1)      There is a major difference between things being available and things being usable.

I was promised wi-fi, but was given no password. The driver didn’t know the password and why would he, it was only his job.  I was promised plug-ins to charge my phone on; those too were out of service. I was promised luxury and spacious seats.  My seat didn’t recline an inch.

2)      The driver is here to drive, all else is on you, the passenger

If you have a question for the driver you are better off just writing it down on a piece of paper and tossing it out the window because they both essentially have the same result. The driver makes his announcements at the beginning of the ride. Going it to great deal as to where you currently are and where your final destination is, as if you didn’t already know.
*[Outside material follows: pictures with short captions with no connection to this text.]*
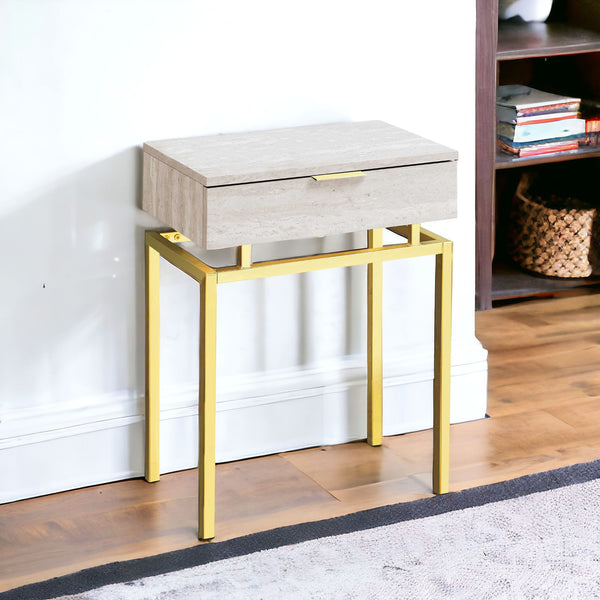 Homeroots 23" Gold And Beige Wood And Metal End Table With Drawer Beige,Gold  333215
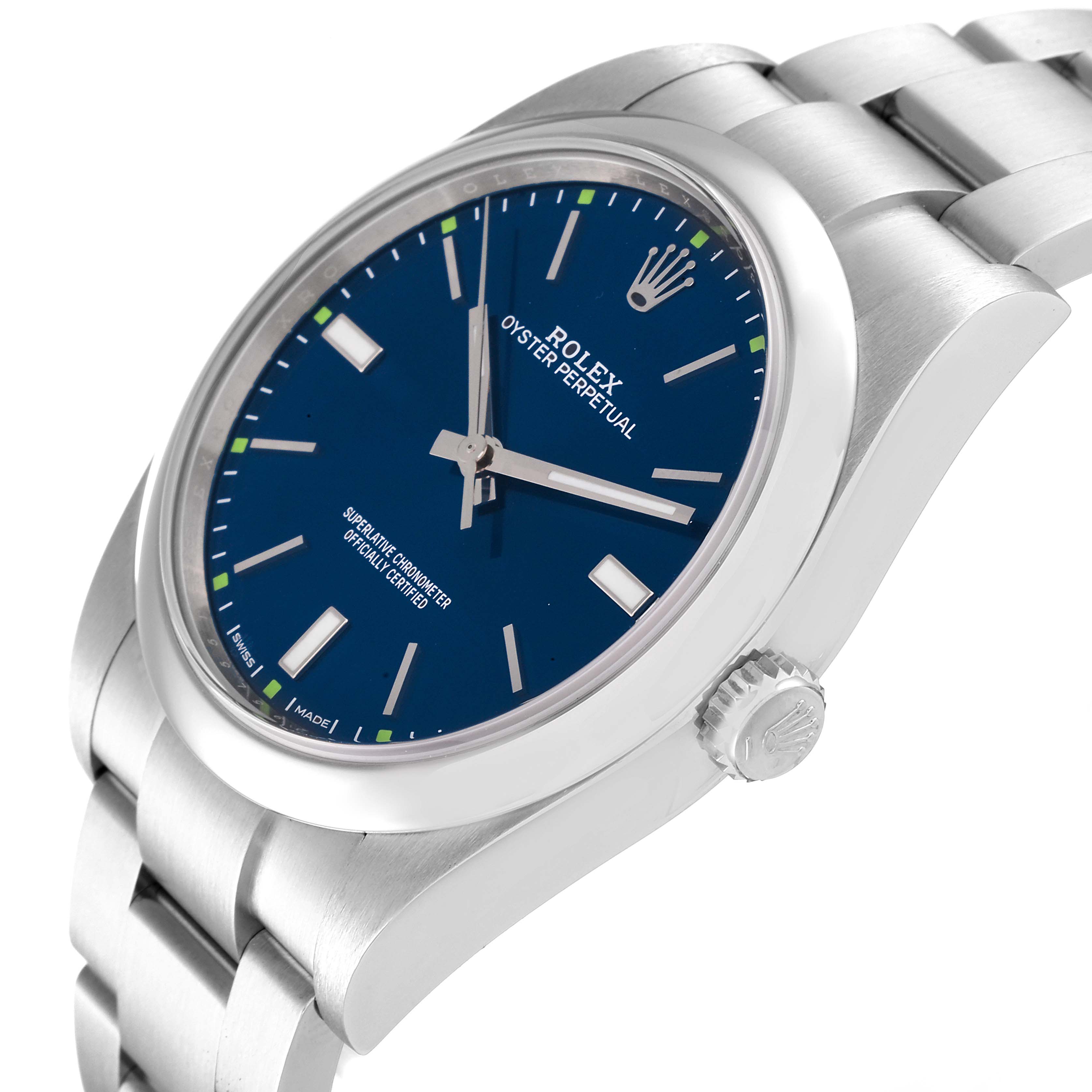 The Rolex Oyster Perpetual 114300 Men's Stainless Steel Blue Dial 114300 Men's Stainless Steel Blue Dial watch is shown from a slight angled side view, highlighting its blue dial, crown, and bracelet.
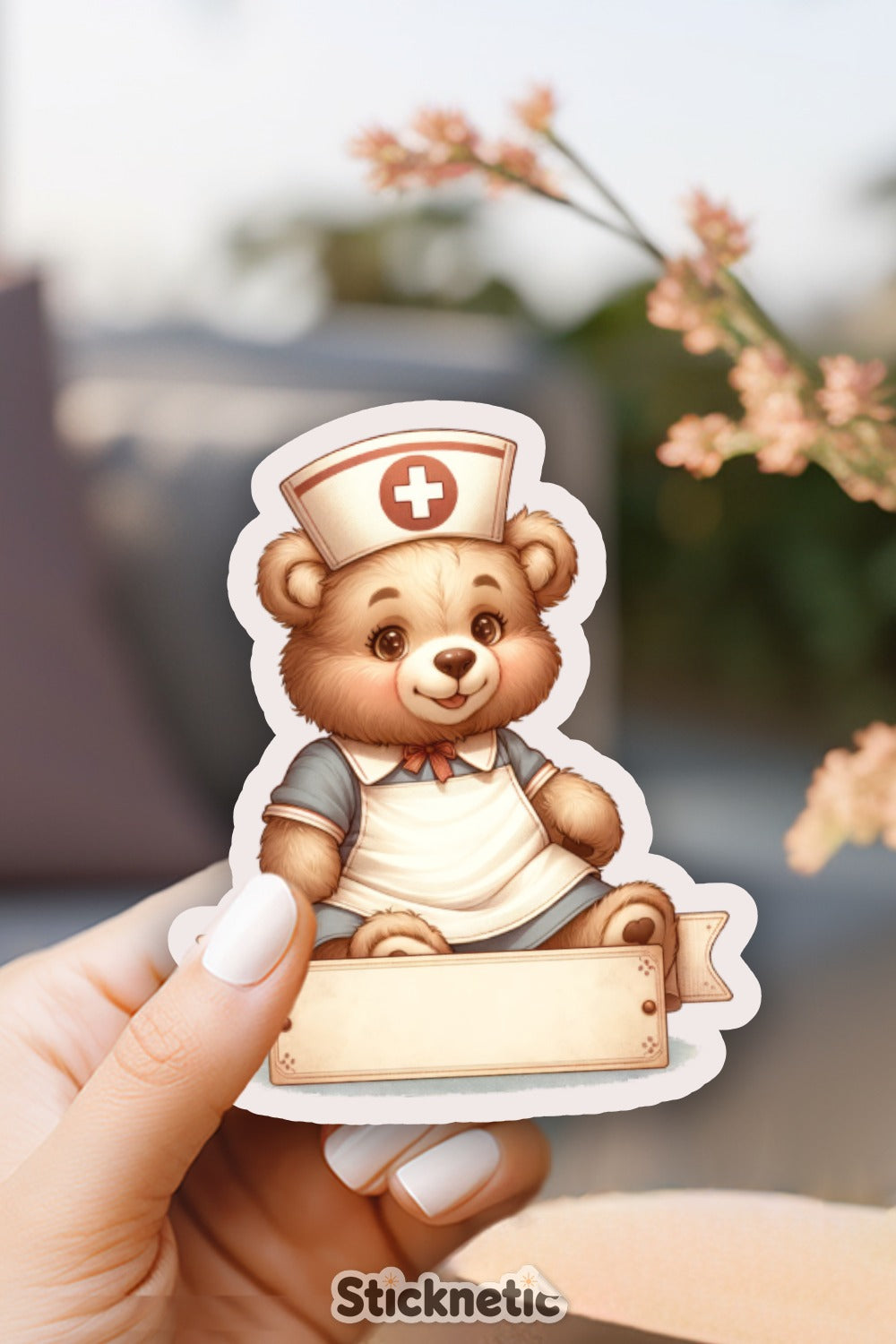 Cute Nurse Bear Sticker for Medical Enthusiast product type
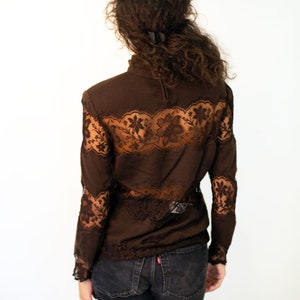 Vintage VALENTINO 1980s Brown Cashmere Lace Inset Turtleneck Top sz XS S M Sheer Sexy 80s 90s Garavani image 6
He makes announcements about not smoking on the bus which seem legitimate because the people seated in the rows near you, absolutely seem like the type to spark up on a Greyhound.

3)      Like any public area, there will also be someone on their cell phone talking far too long and far too loud about absolutely nonsensical shit.

 

“When he play you like that he play you a fool”

(Clarification: I have no idea what this means, but it was written under in the book, so let’s assume it was a chunk of a conversation that I heard. I can concoct quite the backstory in my head, but for the sake of the article I won’t fabricate any more than is required.)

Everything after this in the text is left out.